Comparison
Table 2 illustrates resource requirements for a hash table implemented using three strategies. The array method represents nodes as elements of an array, the object method represents nodes as objects, while the collection method utilizes the built-in hashing feature of Visual Basic collections.
time(ms) | ||||||
n | method | insert | find | delete | kBytes | faults |
---|---|---|---|---|---|---|
1,000 | array | 10 | 10 | 10 | 72 | 17 |
object | 50 | 20 | 40 | 104 | 26 | |
collection | 60 | 40 | 40 | 100 | 25 | |
5,000 | array | 40 | 50 | 40 | 228 | 132 |
object | 301 | 90 | 261 | 744 | 186 | |
collection | 490 | 220 | 220 | 516 | 129 | |
10,000 | array | 90 | 101 | 90 | 412 | 297 |
object | 711 | 200 | 822 | 1,604 | 401 | |
collection | 1,111 | 471 | 491 | 1,044 | 261 | |
50,000 | array | 450 | 541 | 540 | 2,252 | 1,524 |
object | 7,481 | 1,062 | 13,279 | 8,480 | 2,118 | |
collection | 9,394 | 2,623 | 2,794 | 5,420 | 1,355 | |
100,000 | array | 912 | 1,141 | 1,122 | 4,504 | 3,047 |
object | 22,182 | 2,103 | 48,570 | 17,072 | 4,266 | |
collection | 27,830 | 5,658 | 5,918 | 10,896 | 2,724 |
Memory requirements and page faults are shown for insertion only. Hash table size for arrays and objects was 1/10th the total count. Tests were run using a 200Mhz Pentium with 64Meg of memory on a Windows NT 4.0 operating system. Statistics for memory use and page faults were obtained from the NT Task Manager. Code may be downloaded that implements the above tests, so you may repeat the experiment.
It is immediately apparent that the array method is fastest, and consumes the least memory. Objects consume four times as much memory as arrays. In fact, overhead for a single object is about 140 bytes. Collections take about twice as much room as arrays.
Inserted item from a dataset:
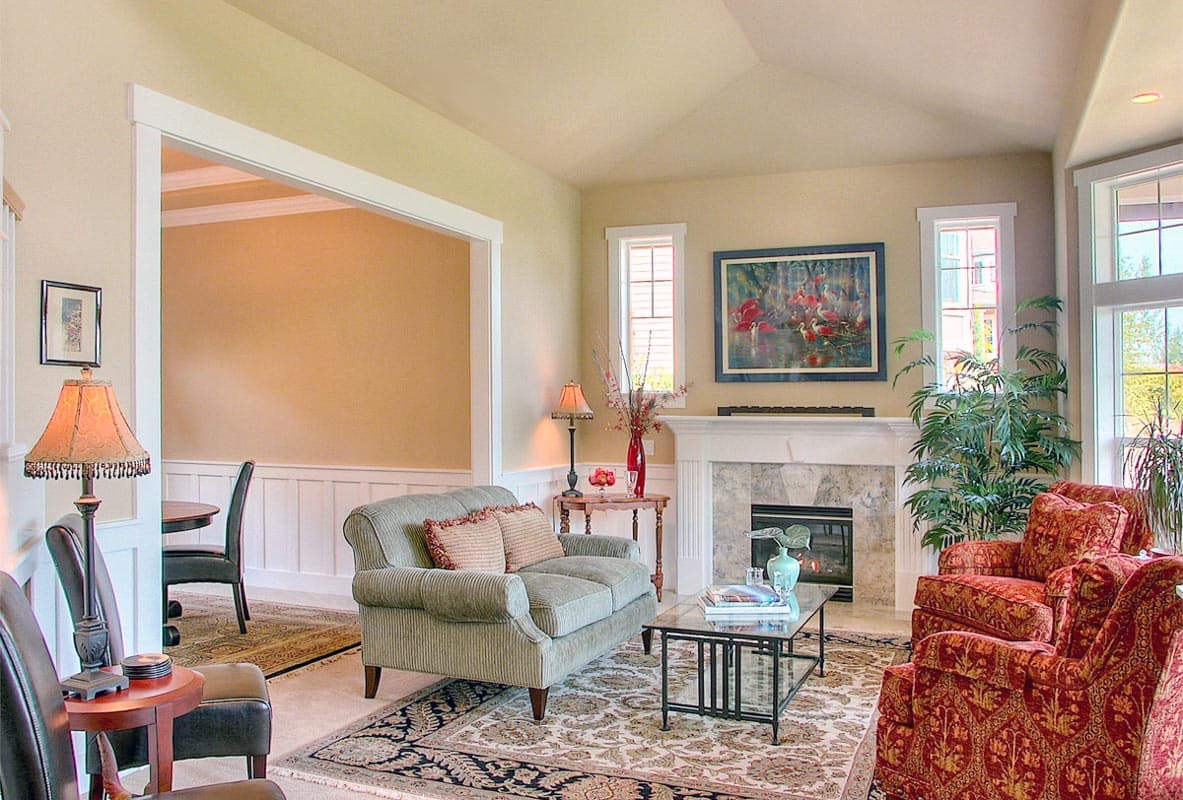 Living room with a fireplace, vaulted ceiling, and an opening to a dining area. Features two sofas, armchairs, and a glass coffee table.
An interesting anomaly is the high deletion time associated with objects. When we increase the number of nodes from 50,000 to 100,000 (a factor of 2), the time for deletion increases from 13 to 48 seconds (a factor of 4). During deletion, no page faults were noted. Consequently, the extra overhead was compute time, not I/O time. One implementation used at run-time for freeing memory involves maintaining a list, ordered by memory location, of free nodes. When memory is freed, the list is traversed so that memory to be released can be returned to the appropriate place in the list. This is done so that memory chunks may be recombined when adjacent chunks are freed. Unfortunately, this algorithm runs in O(n2) time, where execution time is roughly proportional to the square of the number of items being released.
I encountered a similar problem while working on compilers for Apollo. In this case, however, the problem was exacerbated by page faults that occurred while traversing links. The solution involved an in-core index that reduced the number of links traversed.